Ludzie jadący drogą krajową nr 36 Prochowice-Lubin ujęli pijanego kierowcę. 48-letni mężczyzna prowadził Opla Vectrę zygzakiem, od pobocza aż za oś drogi, stwarzając zagrożenie dla innych użytkowników trasy. Na policyjnym alkomacie wydmuchał blisko 4 promile alkoholu.
- Kierowcy toyoty i fiata nie kryli zdziwienia, gdy patrzyli na manewry, jakie wykonywał pijany kierowca pojazdu marki Opel Vectra – relacjonuje mł. asp. Jagoda Ekiert z zespołu prasowego Komendy Miejskiej Policji w Legnicy.
Zauważyli go na wysokości miejscowości Lisowice. Zdążał – tak jak oni – w kierunku Wrocławia. Poruszał się całą szerokością jezdni.

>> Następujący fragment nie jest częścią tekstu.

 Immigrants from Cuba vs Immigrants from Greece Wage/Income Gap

Wóz co chwilę przekraczał oś jezdni oraz jej krawędź, co wskazywało, że za kółkiem może siedzieć osoba w stanie nietrzeźwości.
-Wykorzystując moment, kiedy mężczyzna zwolnił, kierowcy zajechali mu drogę i podbiegli do niego – mówi Jagoda Ekiert. – Kiedy otworzyli drzwi jego pojazdu od razu wyczuli silną woń alkoholu. Następnie wezwali na miejsce policjantów.
Okazało się, że 48-latek miał blisko 4 promile alkoholu w wydychanym powietrzu.
Policjanci zatrzymali jego prawo jazdy. Mężczyzna będzie odpowiadał przed sądem za przestępstwo drogowe: jazdę samochodem w stanie nietrzeźwości. Grozi za to do 2 lat pozbawienia wolności, wysoka kara finansowa oraz zakaz prowadzenia pojazdów mechanicznych nawet do 15 lat.